Schema Management Within a Data Catalog

Centralized Schema Management Architecture

Keeping track of all of the raw assets that are loaded into your datalake, and then tracking all of the new data assets and versions that are created by data transformation, data processing, and analytics can be a major challenge. An essential component of an Amazon S3 based data lake is a Data Catalog. A data catalog is designed to provide a single source of truth about the contents of the data lake, and rather than end users reasoning about storage buckets and prefixes, a data catalog lets them interact with more familiar structures of databases, tables, and partitions.

There are two general forms of a data catalog:

  • Fully Managed: AWS Glue Catalog/Amazon LakeFormation is a fully managed data catalog whose contents are generated by running crawlers over S3 datasets.

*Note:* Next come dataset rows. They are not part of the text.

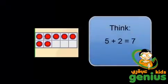This 10 frame has 7 chips in it. One way I can see that is I know that a full row of chips is 5 chips plus 2 more makes 7 because I know that 5 plus 2 is 7.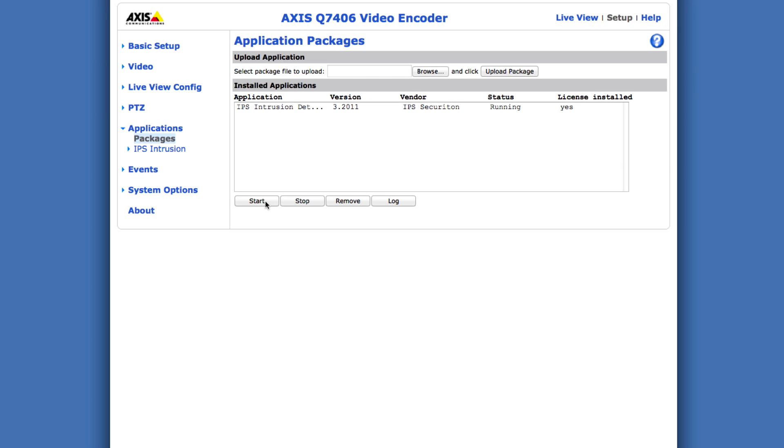Don't forget to configure the application before you use it. To learn how to do that, we recommend you to watch the specific configuration video tutorials.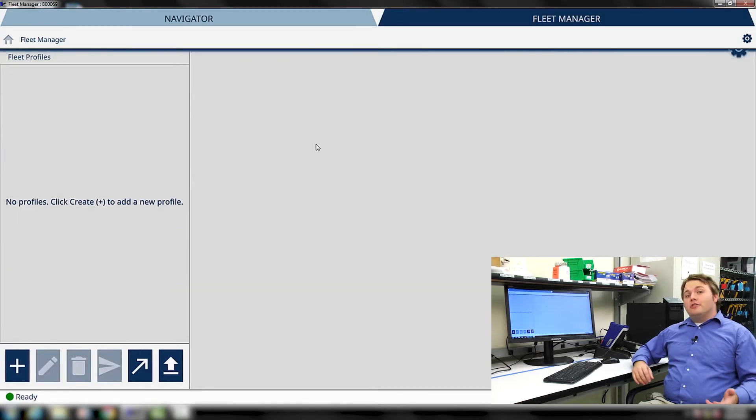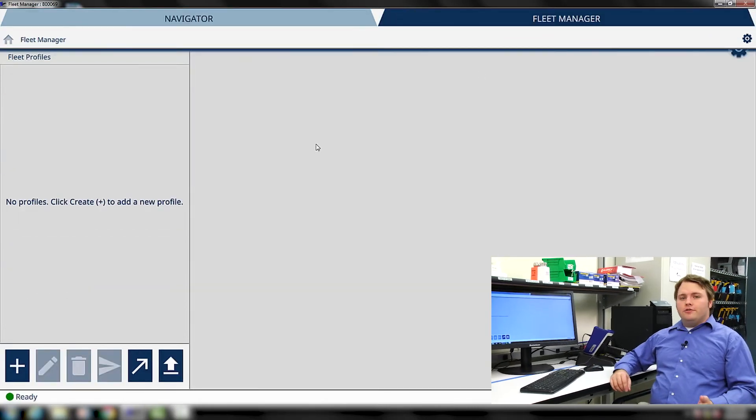Fleet Manager lets you customize user settings, libraries, and templates in a way that they can be deployed to multiple instruments in your fleet. This way, administrators can control which features their operators have access to, and this is all controlled through Fleet Profiles.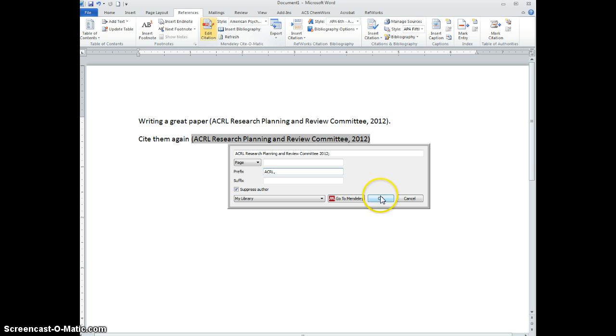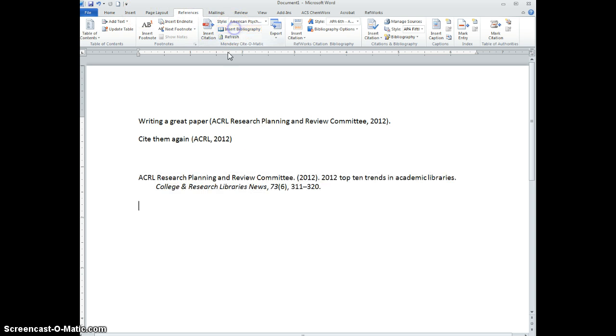And now I'll click OK, and you'll see that changes to the abbreviation I wanted. And then when I insert the bibliography, it still spells the whole thing out.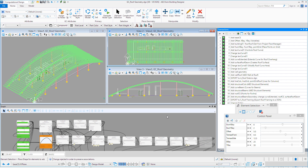I encourage you to take a look at Generative Components, open up the GC Roof Geometry model, play around with those transactions, modify the roof geometry, and see just how easy it is.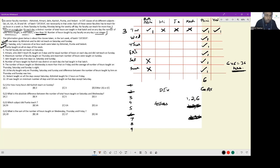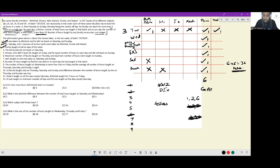Himani does not teach DI, taught on three days for equal number of hours on each day, and did not teach on Sunday — so she taught 2, 2, 2 hours across three of the days Wednesday through Saturday. We also know Himani is not the DI teacher. Maximum number of faculty taught on Thursday, and maximum number of hours were taught on Sunday. The maximum hours in a day is nine, so Sunday has nine hours.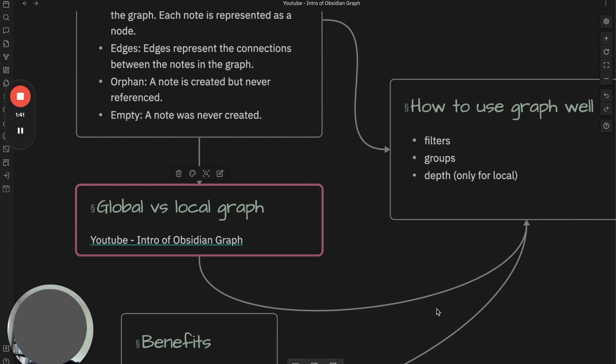On the other hand, local graph focuses on a specific note and surrounding connections. So you can use them based on your own use cases.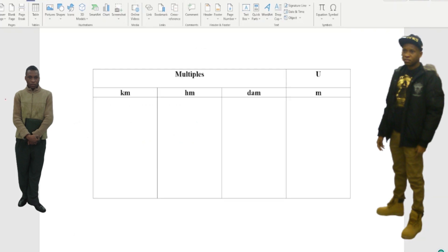So in some situations, if you cannot memorize this table, it's okay, but it's really important to know it.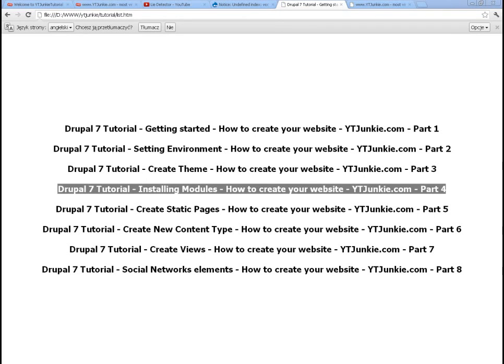Hello and welcome back to the Drupal 7 tutorial. We are still creating our website, the YouTube Junkie. This is Part 4, where we will talk a little bit about installing modules. I just want to show you how to install new modules in Drupal 7, because this is something we will keep doing quite many times in the later parts, and this is something that everybody who works with Drupal 7 should know.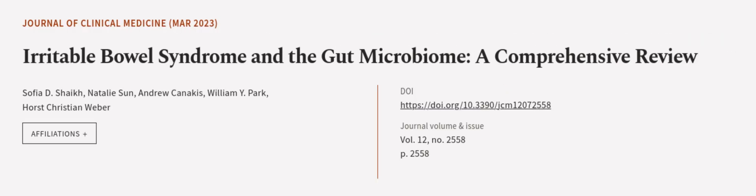This article was authored by Sophia D. Shaikh, Natalie Sun, Andrew Kanakis, and others. Wearearticle.tv, links in the description below.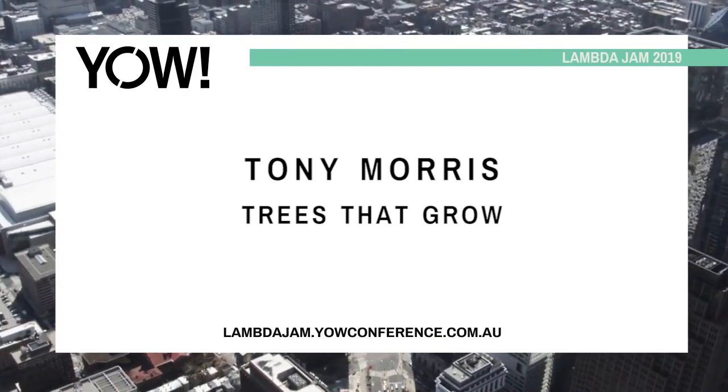All right. Good morning, everybody. Thanks for coming. G'day. I'm going to tell you about Trees That Grow. Before I do, I'm going to tell you why I even dove down the hole of Trees That Grow.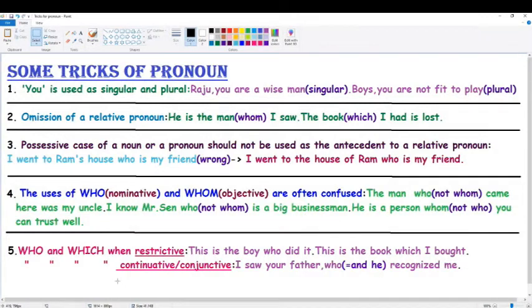Hey everyone, welcome to MB's teachings. Today's video is based on some special tricks of pronoun. In the last videos you had already gone through a number of topics which I think are rare. Today, some tricks of pronoun will give you some extra information and you will be surprised to know all about it. Let's get started.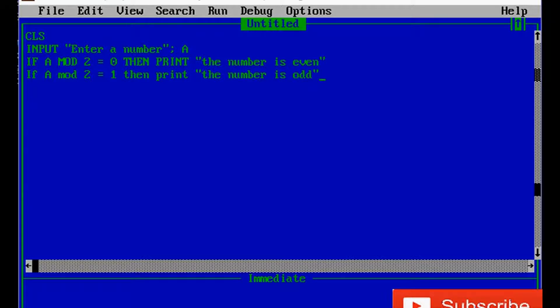The IF-THEN statement is a conditional statement. If the number A modulus division 2 is equal to zero — meaning when A is divided by 2 and the remainder is zero — then the number is even. If the remainder is one, then the number is odd. At last we will use an END statement.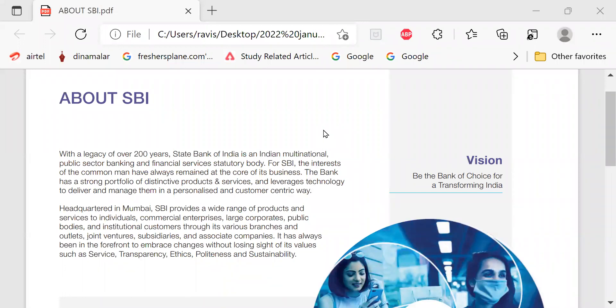Good evening candidates, this is regarding SBI, about SBI for SBI PO interview and also for SBI relationship managers interview. The vision of SBI is be the bank of choice for a transforming India.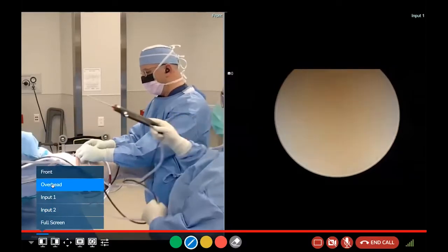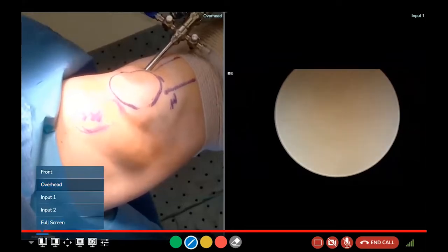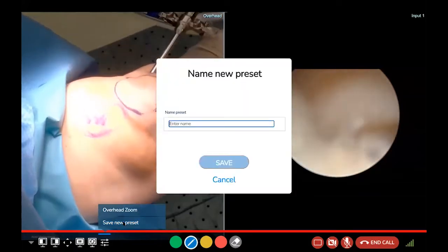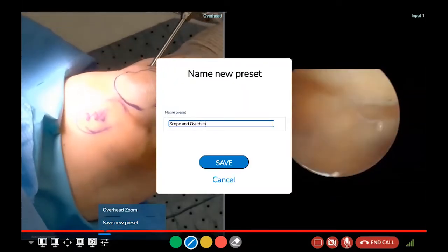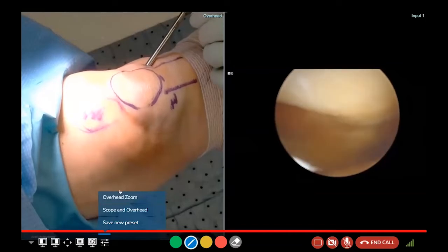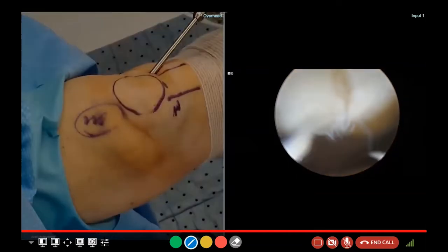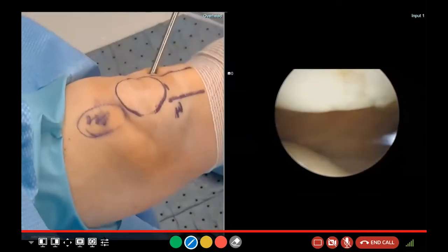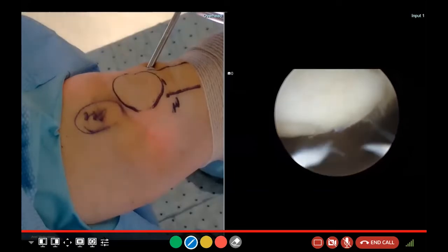The whole idea with arthroscopy is we're going to distend the joint with water just so we can see and look around. I wanted to particularly illustrate this case because even though it seems straightforward, this case can be a little bit controversial.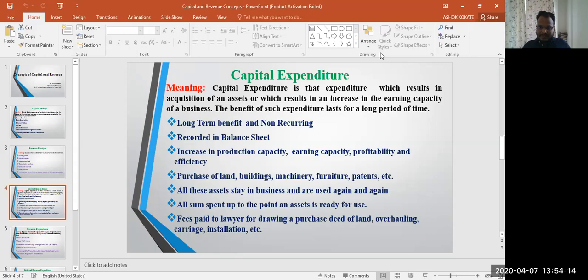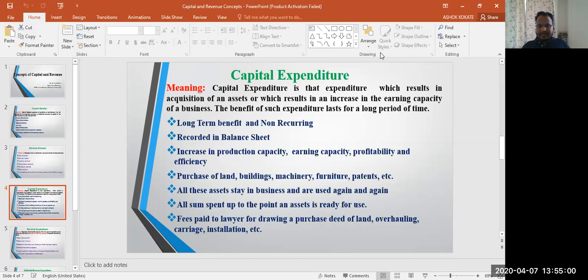Capital expenditure improves profitability, efficiency, and the effective utilization of available resources. The benefits of such expenditure last for a long period of time. The first important point: capital expenditures always give long-term benefits, and generally such types of expenditure are non-recurring in nature.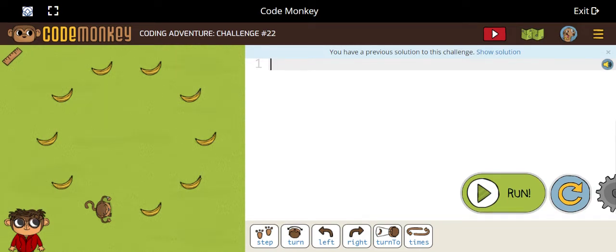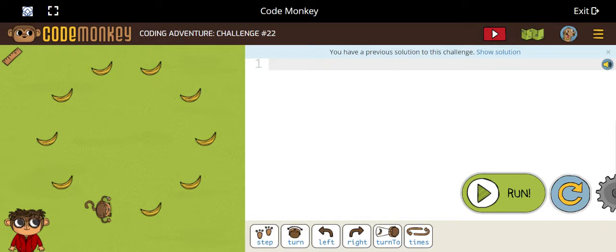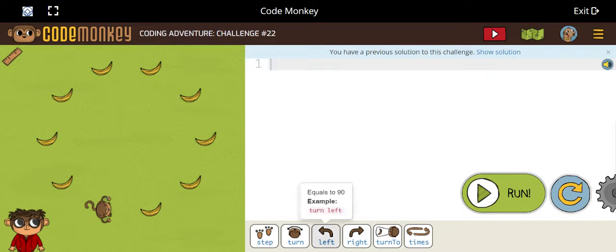Welcome to my channel. Today I'm going to show you challenge 22. So first we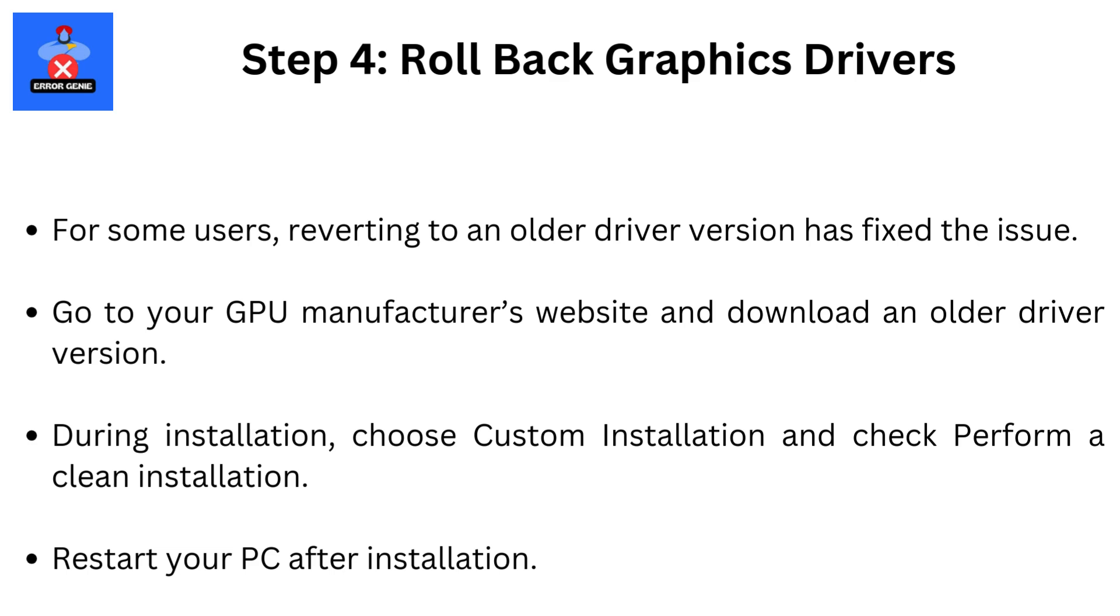Step 4: Rollback Graphics Drivers. For some users, reverting to an older driver version has fixed the issue. Go to your GPU manufacturer's website and download an older driver version. During installation, choose Custom Installation and check Perform a clean installation. Restart your PC after installation.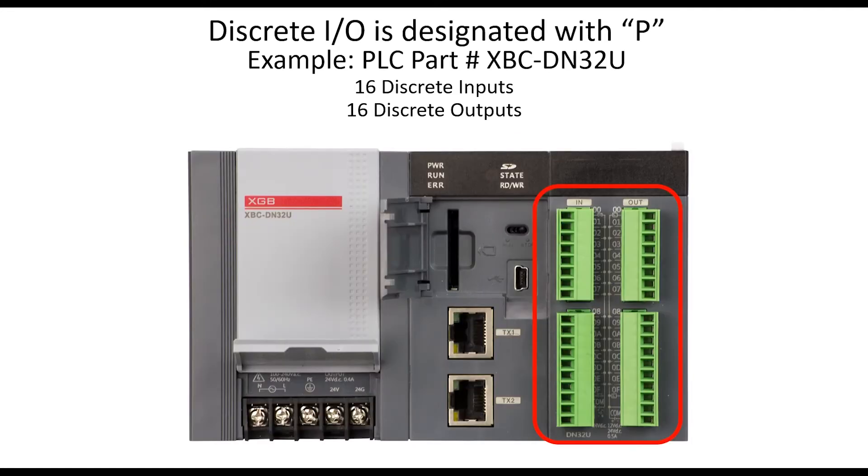I/O addressing is printed on the front of the PLC beside the I/O terminals.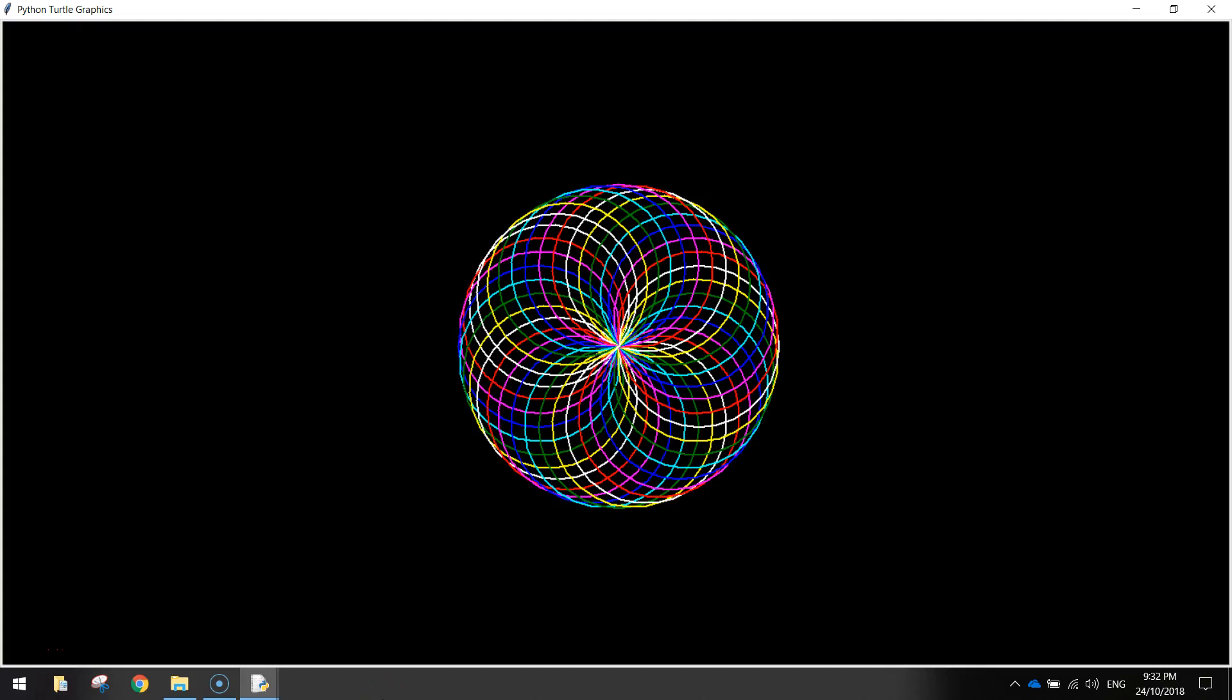In today's video, we are going to be using the Turtle module in Python to create ourselves something called a Spirograph, and this is an example of what it's going to look like when you're finished. So basically all it is is a whole bunch of circles drawn very close to one another and overlapping each other. It's a pretty cool pattern that you can make.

The Glue Data Catalog contains information about data assets that have been transformed into formats and table definitions that are usable by analytics tools like Amazon Athena, Amazon Redshift, Amazon Redshift Spectrum, and Amazon EMR.

  • End User Managed: A Hive Metastore Catalog (HCatalog) provides the ability to consume storage locations on Amazon S3 and on HDFS filesystems through the lanugage of databases and tables. However, it is managed and maintained by the operator of the AWS Account, and can be run through Amazon EMR and Amazon RDS. In most cases, AWS does not recommend user managed HCatalogs due to the requirement for you top operate it, as well as the need to scale the solution, and the lack of native integration with some AWS analytic tools.

Customers typically use the managed Glue Crawler to populate the catalog with the contents of Amazon S3. Then, multiple AWS services can run query the contents of the datalake via the Glue catalog.

AWS Glue/Amazon LakeFormation Catalog can support datalake schema evolution, which means that it can understand the definition of a table over time, even when new columns and attributes are added.